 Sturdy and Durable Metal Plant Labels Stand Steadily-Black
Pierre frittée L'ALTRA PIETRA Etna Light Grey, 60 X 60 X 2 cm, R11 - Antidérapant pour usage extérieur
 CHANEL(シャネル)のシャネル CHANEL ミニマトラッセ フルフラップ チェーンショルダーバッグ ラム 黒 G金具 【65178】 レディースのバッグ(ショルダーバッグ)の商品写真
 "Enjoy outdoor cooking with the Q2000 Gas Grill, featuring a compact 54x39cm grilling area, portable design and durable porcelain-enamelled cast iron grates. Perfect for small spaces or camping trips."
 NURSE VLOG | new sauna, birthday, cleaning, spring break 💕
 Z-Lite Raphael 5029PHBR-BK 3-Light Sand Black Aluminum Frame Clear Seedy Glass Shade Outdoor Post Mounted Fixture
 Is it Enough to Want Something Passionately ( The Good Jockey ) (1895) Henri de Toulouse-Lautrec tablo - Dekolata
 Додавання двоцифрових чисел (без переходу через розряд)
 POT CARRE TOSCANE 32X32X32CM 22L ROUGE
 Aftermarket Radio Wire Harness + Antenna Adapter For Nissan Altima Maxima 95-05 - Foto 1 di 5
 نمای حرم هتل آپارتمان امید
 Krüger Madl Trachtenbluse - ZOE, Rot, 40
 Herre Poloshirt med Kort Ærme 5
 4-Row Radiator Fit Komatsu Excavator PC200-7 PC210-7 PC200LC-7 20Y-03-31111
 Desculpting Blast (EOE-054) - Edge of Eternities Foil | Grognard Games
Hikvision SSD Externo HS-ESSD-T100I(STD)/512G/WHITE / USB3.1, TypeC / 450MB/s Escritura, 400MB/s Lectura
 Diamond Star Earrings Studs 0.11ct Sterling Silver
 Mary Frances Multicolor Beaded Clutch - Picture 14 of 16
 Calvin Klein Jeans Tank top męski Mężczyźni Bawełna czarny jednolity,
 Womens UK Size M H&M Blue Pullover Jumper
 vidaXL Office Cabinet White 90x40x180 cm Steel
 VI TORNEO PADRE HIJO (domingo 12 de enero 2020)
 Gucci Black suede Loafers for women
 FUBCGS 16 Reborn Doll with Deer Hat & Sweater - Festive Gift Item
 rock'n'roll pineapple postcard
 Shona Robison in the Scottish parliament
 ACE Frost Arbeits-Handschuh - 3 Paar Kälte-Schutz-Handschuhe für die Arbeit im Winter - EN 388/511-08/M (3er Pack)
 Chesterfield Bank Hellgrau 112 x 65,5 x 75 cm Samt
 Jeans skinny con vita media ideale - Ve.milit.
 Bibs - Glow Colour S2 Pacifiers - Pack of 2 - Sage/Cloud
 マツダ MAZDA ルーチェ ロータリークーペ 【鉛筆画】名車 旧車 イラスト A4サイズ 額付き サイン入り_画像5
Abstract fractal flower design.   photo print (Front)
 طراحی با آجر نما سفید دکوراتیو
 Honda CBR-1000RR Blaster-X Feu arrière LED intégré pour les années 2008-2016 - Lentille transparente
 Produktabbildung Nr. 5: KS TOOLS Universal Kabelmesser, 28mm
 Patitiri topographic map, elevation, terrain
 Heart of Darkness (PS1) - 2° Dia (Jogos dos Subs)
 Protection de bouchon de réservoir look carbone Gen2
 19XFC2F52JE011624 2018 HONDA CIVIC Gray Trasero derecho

------

### Work to be completed
Write out, word for word, the line containing "Produktabbildung Nr. 5: KS" and every line after it to the end of the data above.

### Solution for this task
 Produktabbildung Nr. 5: KS TOOLS Universal Kabelmesser, 28mm
 Patitiri topographic map, elevation, terrain
 Heart of Darkness (PS1) - 2° Dia (Jogos dos Subs)
 Protection de bouchon de réservoir look carbone Gen2
 19XFC2F52JE011624 2018 HONDA CIVIC Gray Trasero derecho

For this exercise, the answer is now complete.